According to Gabriele Tucciarone from Prometeo Management Consulting, Mount Etna volcano eruptions are dangerous for the population of Sicily, in particular, because of the many buildings built on slopes of the volcano. The eruptions also represent a risk for tourists and journalists who come to visit the volcano and that could be damaged, as happened recently. Although the recent eruptions have not caused major damage of devastation, their frequency and the large number of people who are nearby the volcano, both stable and occasionally, lead us to define the eruptive activity of Etna as a risk for the safety of the population. But Mount Etna is not an isolated case in Italy. A little further away (in Naples) there is, in fact, the Vesuvio, an active but dormant volcano not erupting since 1944, which is 1906 generated the most destructive eruption of the twentieth century. A new eruption of Vesuvio volcano today would cause extensive damage mainly because of the buildings placed in its surroundings.

Mount Etna


Even though natural disasters do not occur very often in one region, they hit the Globe in various rates of dreadful events. Besides the volcanic eruptions, we have witnessed various avalanches, earthquakes, sinkholes, and floods taking human lives in great numbers. Recently, we have had the chance to witness a snow avalanche in the popular French Alpine Resort of Tignes. Disastrously, the avalanche struck a family terrain in which many parents and children were riding together. Usually, avalanches have a higher risk to appear on off-piste terrains where snow is less stable due to inactivity in those areas. Luckily, this avalanche has not caused any fatalities, as reported by the emergency rescue teams.

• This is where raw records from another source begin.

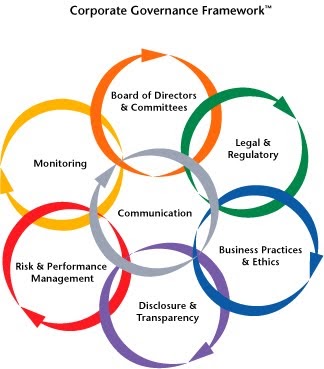 governance corporate framework management mba rocks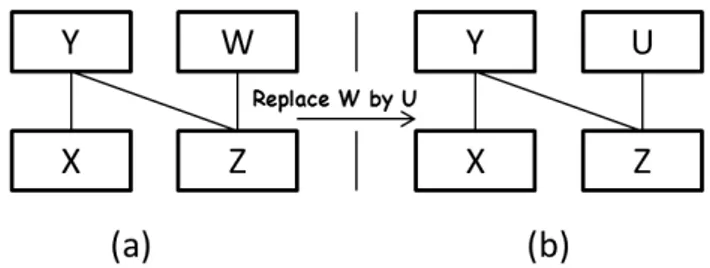 Figure 2.14 shows two configurations (a) and (b) of the component-based system before and after replacing the old component W by a new version U .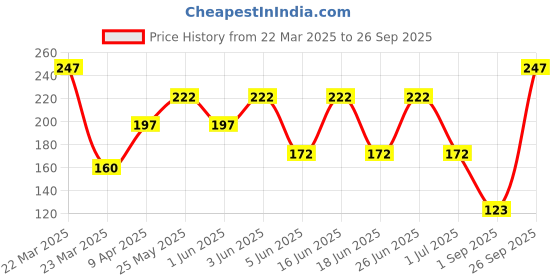 myntra.com Hana Beauty Black Basil Zero Acne Face Wash Prevents & Clears Breakouts - 100 ml hana beauty Price History Graph from 22 Mar 2025 to 26 Sep 2025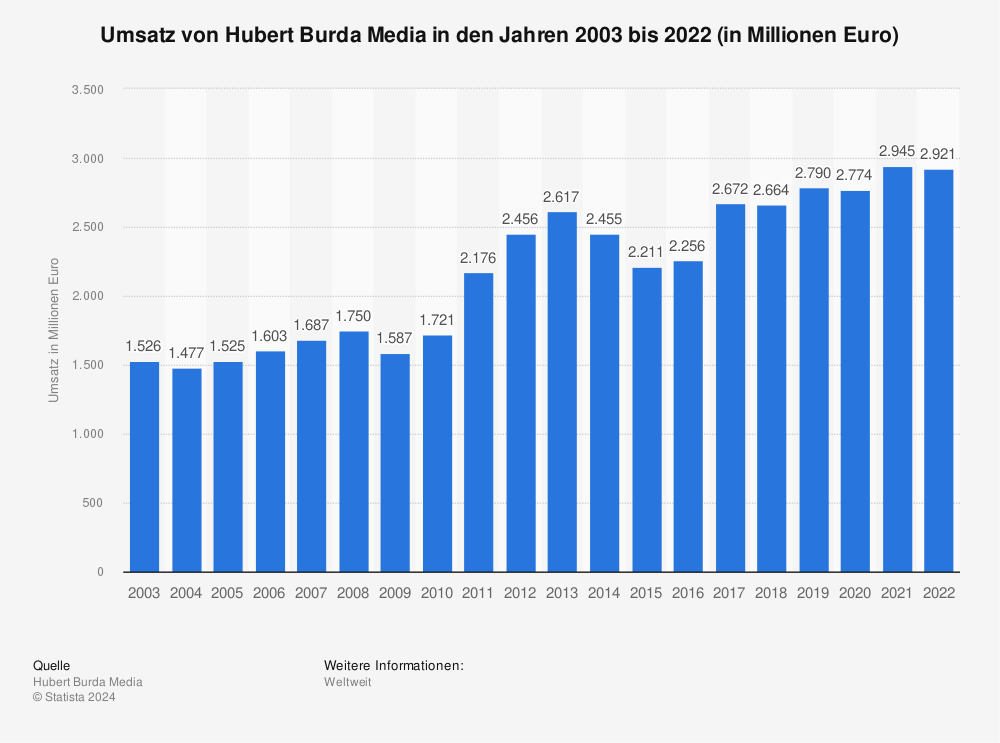Burda Statistik: Umsatz von Hubert Burda Media in den Jahren 2003 bis 2022 (in Millionen Euro)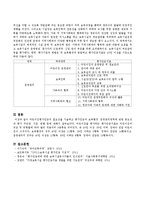어린이집평가인증의 필요성을 기술하고 평가인증의 보육환경, 운영관리영역에 관한 중요성과 평가 주안점, 기준, 방법 등을 기술하시오-4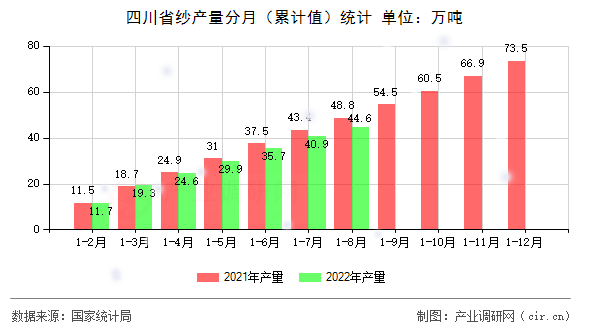 四川省紗產(chǎn)量分月（累計值）統(tǒng)計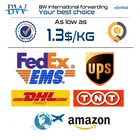 Air cargo shipment company freight forwarding to India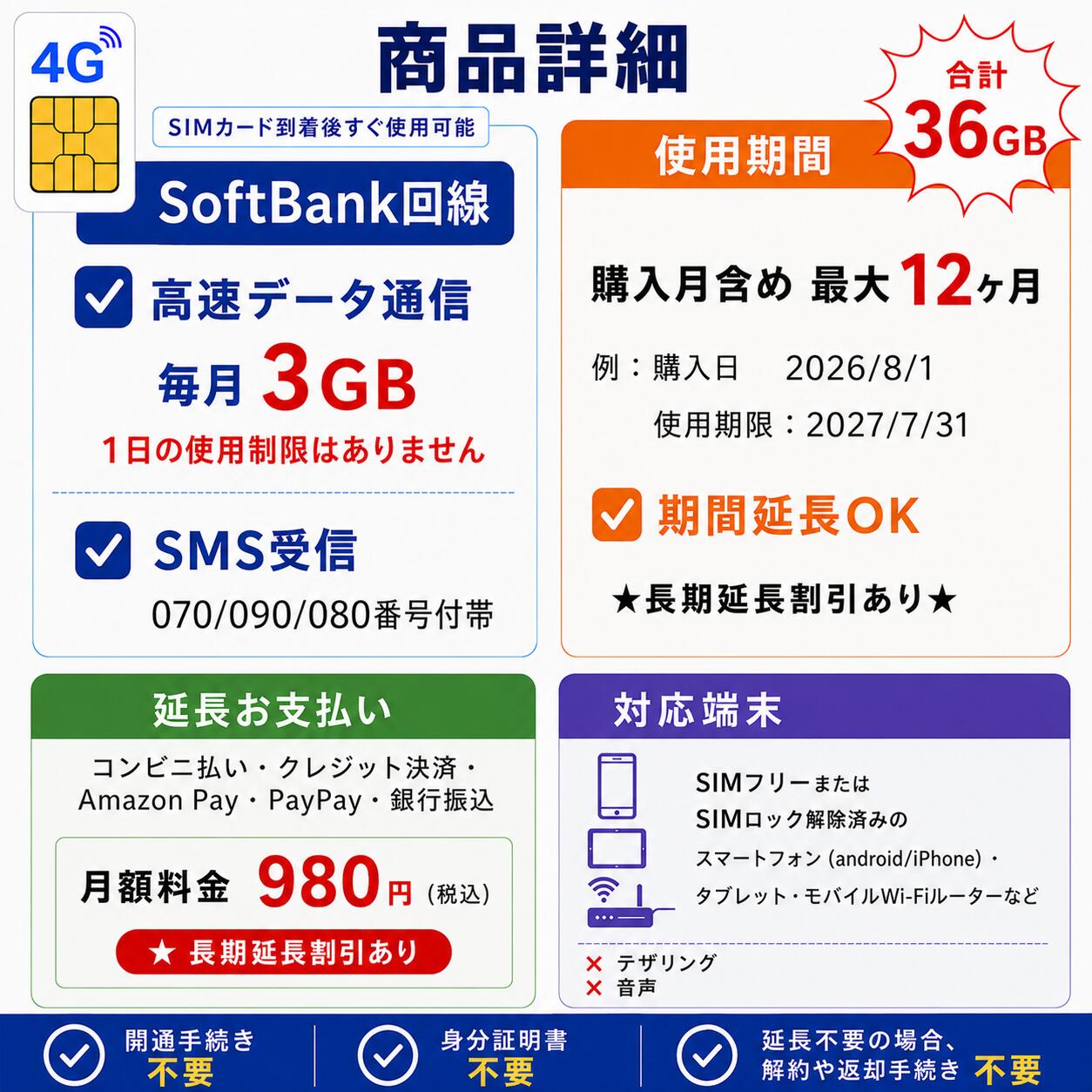 SMS受信OK 高速キャリアデータSIM 日本国内用データ通信SIMカード DATA SIM for JA...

Nevertheless, our society is suffering the consequences and has experienced great difficulty to overcome the damages associated with them. With terror spreading across the world, we have seen fear among the population as well as an increased necessity for disaster recovery and emergency management teams to address these phenomena accordingly. This necessity has served as the fundamental reason for developing various management systems and standards related to this matter. Essential social functions shall be ensured to be delivered in times of catastrophes. Similar incidents are bound to happen in terms of national, regional, or even within single organizations and definitely threaten such social functions.

As stated by Gabriele Tucciarone from Prometeo Management Consulting, the definition of emergency management and disaster recovery management plans is essential in scenarios when the eruptive activity of Mount Etna volcano is placed. In this context, the definition of a methodology for risk management related to the activity of the volcano appears to be a priority. Moreover, the ability to predict the eruptions is necessary to implement the preventive interventions. In contrary, even an appropriate response plan to an eruption could prove ineffective, if activated when the event has already happened.

As such, the development of International Standards such as ISO 22320 has found application in all types of organizations and agencies in both the public and private sectors. Emergency management and incident response standards are mandatory to obtain, as they ensure accurate specification of processes, systems of work, and fluent cooperation in hard times.


In addition, the United Nations Office for the Coordination of Humanitarian Affairs has in place the Central Emergency Response Fund (CERF) which has been launched on March 2006 and represents an important international multilateral and rapid funding of life-saving assistance. This fund allocates an approximate of $ 500 million US dollars per annum. Further, the Federal Emergency Management Agency of the United States (FEMA) issues numerous non-disaster grants to increase the capacity of emergency responders on both natural and man-made disasters and catastrophes.